> _Task requirements_
Each line of the data below goes into the copy exactly; pictures do not.

> _Given information_
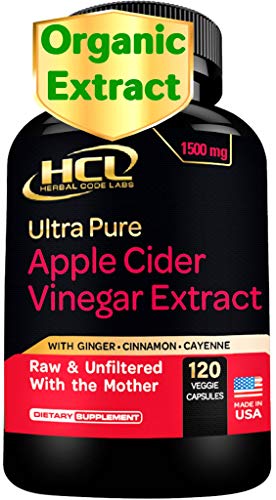 Organic Apple Cider Vinegar Capsules 1500 mg Extract with The Mother - Extra Strength Raw Apple Cider Pills w Ginger Cayenne Cinnamon - Natural Detox Potent Digestion Cleansing System ACV Supplement
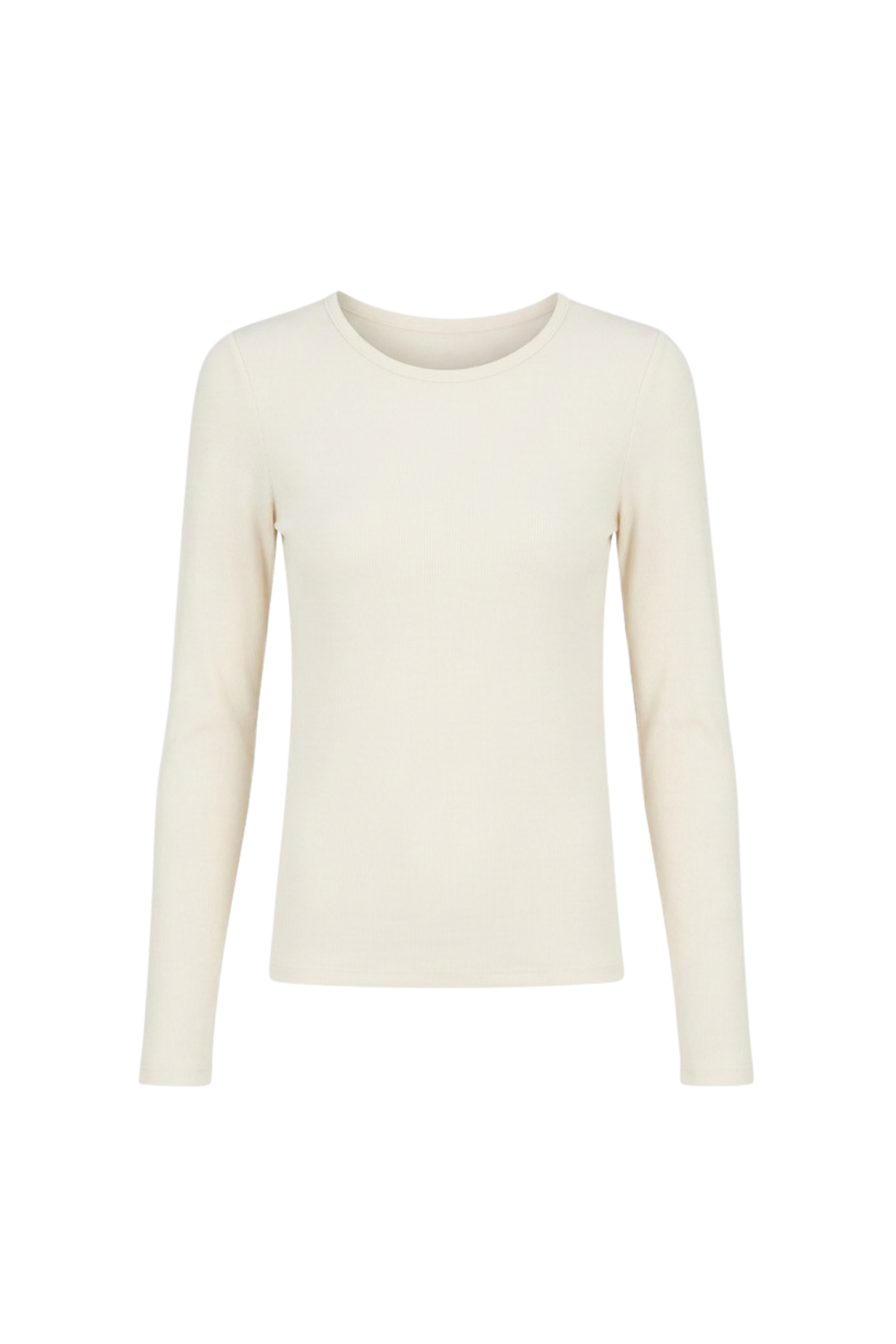 Longsleeve z wiskozy w drobny prążek złamana biel - packshot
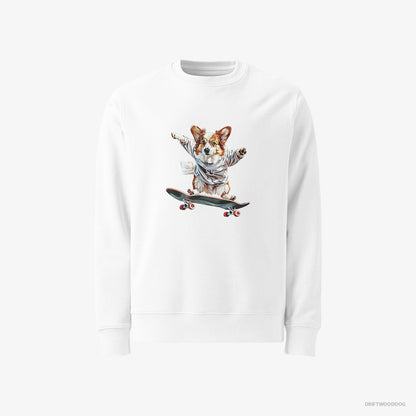 Corgi Enjoying a Skateboard Ride White Sweatshirt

> _Written answer_
 Organic Apple Cider Vinegar Capsules 1500 mg Extract with The Mother - Extra Strength Raw Apple Cider Pills w Ginger Cayenne Cinnamon - Natural Detox Potent Digestion Cleansing System ACV Supplement
 Longsleeve z wiskozy w drobny prążek złamana biel - packshot
 Corgi Enjoying a Skateboard Ride White Sweatshirt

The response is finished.